Monday, February 15, 2016

Joy & Gratitude - Inseparable

The Advent Season this last winter 2015-16 was especially rich in messages for me.

Here’s one:

Joy and gratitude are inseparable. Seems like an easy concept, an easy message to get. Here’s part of the meditation from the Fourth Sunday of Advent (December 20, 2015) from the booklet Unity produces:
When I’m going through a hard time, I remember that joy awaits me on the other side. Joy is the essence of Spirit energy in me. It may be subdued at times, but it is always there….As I open my heart to God (within), joy bursts out, and gratitude flows in.
I know this to be true because I felt such sadness missing my dad this last holiday season – and yet I decorated one of my favorite Christmas trees ever this year – in a blue, silver, gold and white theme. And I spent several evenings just sitting quietly in our darkened living room petting one of my dogs and thinking of my dad – sadness there but also joy and gratitude that I had as many years as I did with him.


P.S. I chose this image because I'm grateful I get to go to Florida for a couple weeks, to spend some time with my sisters and a good friend, all of whom live a plane ride away from New Jersey. A walk on the beach every day? Sounds good to me.

~ JEAN

Tuesday, February 9, 2016

Chemicalization


In some of the classic Unity texts, like Lessons in Truth by Emilie Cady and The Revealing Word by Charles Fillmore for example, there are references to a spiritual process called chemicalization.  In Rev.

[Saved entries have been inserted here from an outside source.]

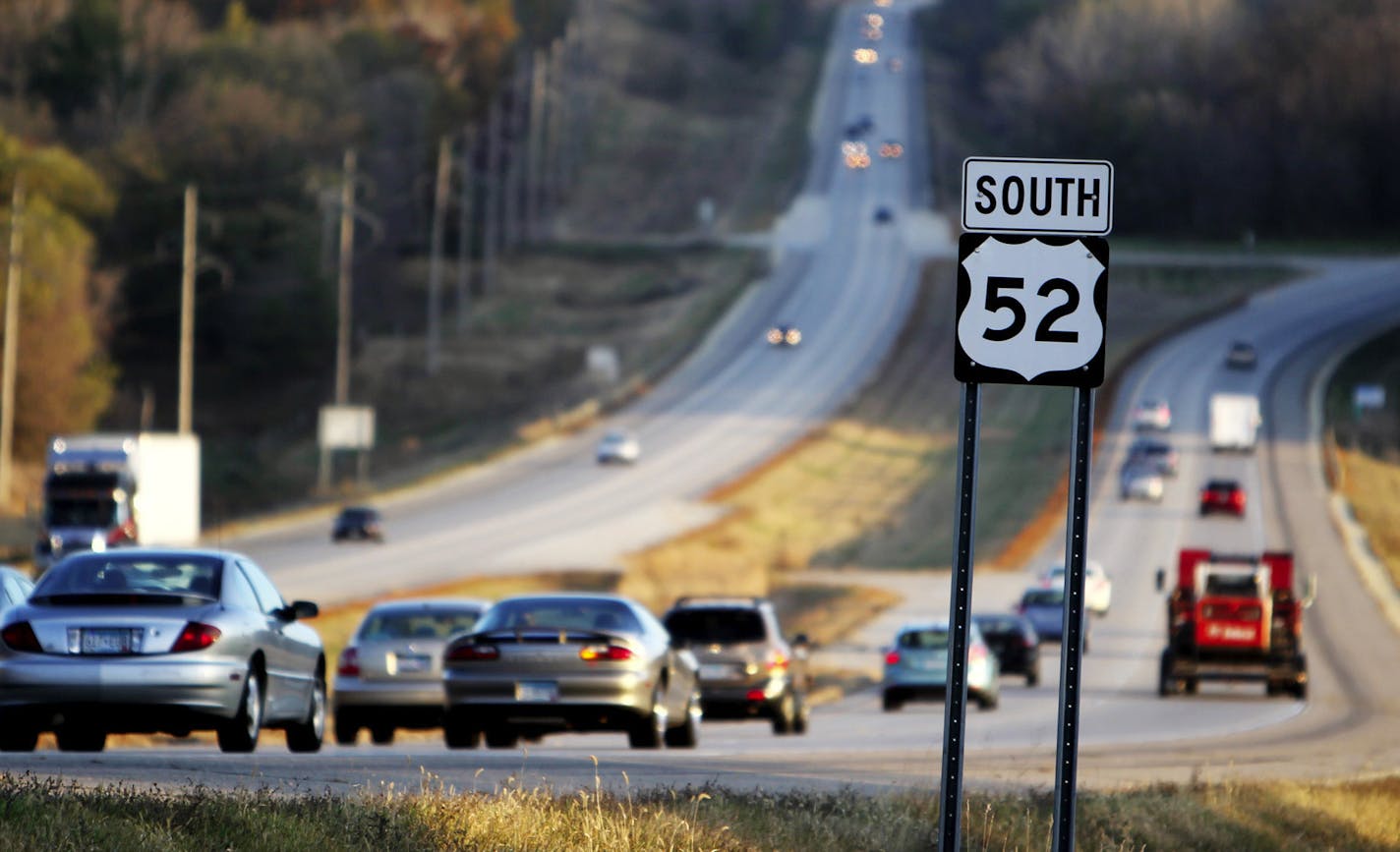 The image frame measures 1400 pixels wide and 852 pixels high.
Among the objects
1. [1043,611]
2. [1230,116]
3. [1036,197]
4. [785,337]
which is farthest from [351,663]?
[1230,116]

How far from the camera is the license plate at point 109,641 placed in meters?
14.0

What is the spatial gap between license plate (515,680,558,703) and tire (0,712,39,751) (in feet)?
14.7

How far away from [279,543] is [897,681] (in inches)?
1291

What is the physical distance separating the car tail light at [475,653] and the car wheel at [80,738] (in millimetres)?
3659

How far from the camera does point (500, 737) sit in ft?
61.2

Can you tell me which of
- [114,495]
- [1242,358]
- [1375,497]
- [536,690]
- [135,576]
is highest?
[1242,358]

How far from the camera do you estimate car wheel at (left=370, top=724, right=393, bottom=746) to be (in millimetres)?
21984

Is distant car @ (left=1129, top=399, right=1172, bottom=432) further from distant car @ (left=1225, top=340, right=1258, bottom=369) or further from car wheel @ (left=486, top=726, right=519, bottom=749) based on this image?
car wheel @ (left=486, top=726, right=519, bottom=749)

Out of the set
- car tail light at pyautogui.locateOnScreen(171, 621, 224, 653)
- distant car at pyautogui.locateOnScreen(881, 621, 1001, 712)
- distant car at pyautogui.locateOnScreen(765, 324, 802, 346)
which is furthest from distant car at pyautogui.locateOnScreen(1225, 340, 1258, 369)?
car tail light at pyautogui.locateOnScreen(171, 621, 224, 653)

Paul Hasselbeck’s book Heart-Centered Metaphysics: A Deeper Look at Unity Teachings, chemicalization is defined as “the experience of inner conflict and upheaval that occurs when aspects of our consciousness resist the transformation process.   This happens when a high spiritual realization conflicts with a belief that is contrary to the new realization.”  

I have been experiencing my own version of chemicalization lately.  If you have read my blog posts in the past, you know that I recently set out to test the Law of Mind Action.  But while trying to prove to myself that the Law of Mind Action worked in a particular way, I actually discovered that it doesn’t work at all in the way I thought.  In fact, everything I had learned over the past fifteen years about abundance consciousness was completely turned upside down by my experiment.  The result of this upheaval has been a lingering sense of disenchantment, disappointment and general inner turmoil, as well as diminishing enthusiasm about Unity principles and about spirituality in general.  In fact, I have been so undone by what I discovered during that experiment that I have actually considered abandoning Unity altogether.   Unity teachings didn’t seem to fit with my new belief system.  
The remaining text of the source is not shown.